Stupirsi del fatto che la polizia usi Facebook per spiare la attività degli utenti in rete, è un po’ come stupirsi del fatto che all’ombra dei palazzi romani e delle emittenti televisive milanesi, gli esponenti del potere si dilettino a fare “bunga bunga” con giovani donzelle più o meno compiacenti. Solo i giornalisti del gruppo editoriale “L’Espresso” possono pensare che una notizia di questo genere abbia rilevanza o presenti davvero il benché minimo carattere di novità.

Minchia commissà! Ci stanno spiando su Feisbuc!

L’articolo firmato da Giorgio Florian (“La polizia ci spia su Facebook”) che tanto clamore ha destato negli ultimi due giorni, a nostro modo di vedere, è attraversata da una linea narrativa di una banalità disarmante, in cui la storiella dell’orso viene venduta come la rivelazione dell’anno.

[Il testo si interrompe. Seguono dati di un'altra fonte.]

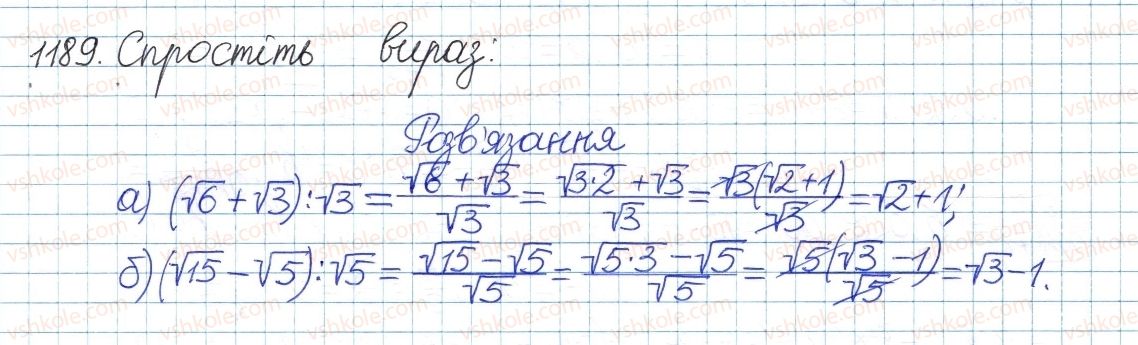 8-algebra-gp-bevz-vg-bevz-2016--zadachi-ta-vpravi-dlya-povtorennya-1189-rnd2763.jpg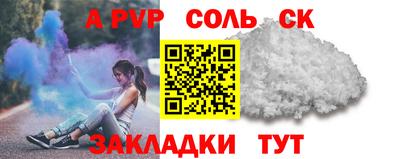дистиллят марихуана Гатчина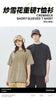 Heavyweight Washed Oversized Cotton T-Shirt ATHLEXES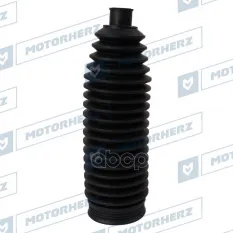 ПЫЛЬНИК РУЛЕВОЙ РЕЙКИ Motorherz арт. RDZ0508MG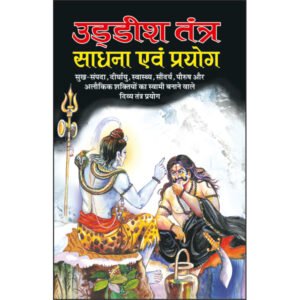 :Uddeesh Tantra : Sadhana Evam Prayog (Hindi Edition)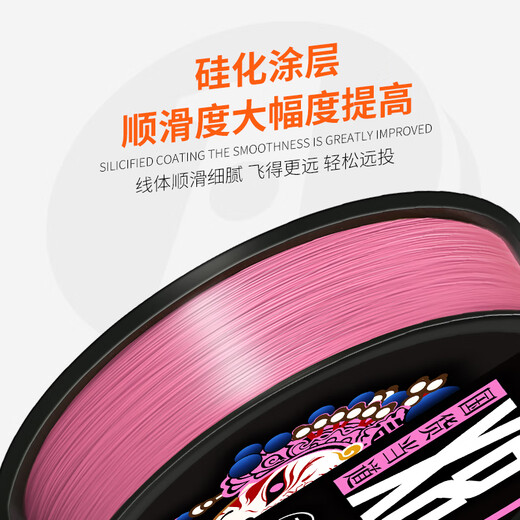Samba Luya Samba second generation pe line sub-special main line 8 braids super soft and smooth non-fading non-rolling strong marlin line 100 meters samba soft pe 38 years more professional No. 0.6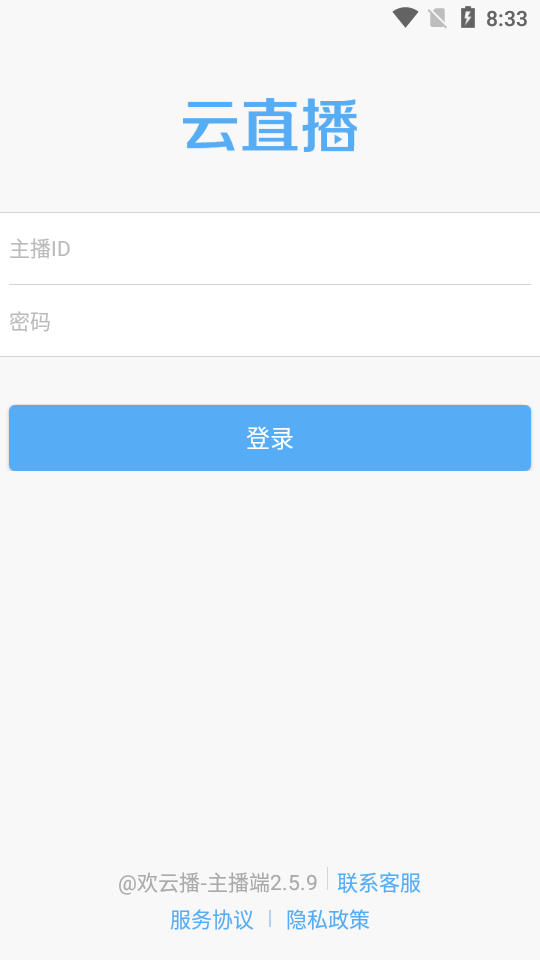 ���Ʋ�����app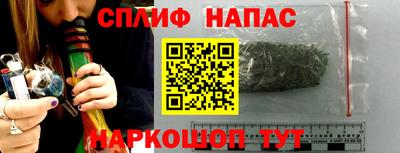 mix Волжский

Provando anche a dare una lettura della smentita a tempo record della polizia postale, fatta a mezzo ANSA alle ore 16.30 di giovedì, vediamo quali possono essere i piani su cui la questione va affrontata.

Il primo è quello più ovvio che, dal basso della nostra esperienza militante, abbiamo già abbondantemente sedimentato nel bagaglio delle conoscenze quotidiane e sperimentato sulla nostra pelle. L’abuso degli strumenti digitali nelle indagini di polizia è qualcosa che nasce con il cellulare, ma che ha probabilmente origini molto più antiche ed analogiche. È semplicemente ovvio che la polizia nella sua opera costante di sorveglianza sui soggetti “devianti” abbia la possibilità di fare (e faccia effettivamente) largo uso di intercettazioni (telefoniche, ambientali ed informatiche) non autorizzate in alcun modo dalla magistratura. Chiedetelo a qualsiasi avvocato un pò scafato e ve lo confermerà senza troppe remore. Se fate caso alle parole di Antonio Apruzzese, direttore centrale della polizia postale, noterete che il fatto in se non viene assolutamente negato. Semplicemente si attesta che i cybercop – bontà loro – si muovono «sempre con l’autorizzazione della magistratura. Anche perché nel caso contrario tutto ciò che si fa non avrebbe alcun valore processuale». Il che però non significa che intercettazioni prive di valore probatorio in un’aula di tribunale (ovvero non utilizzabili nella formazione della prova) non possano essere fruttuosamente impiegate in attività di “prevenzione” e repressione. Prosegui la lettura »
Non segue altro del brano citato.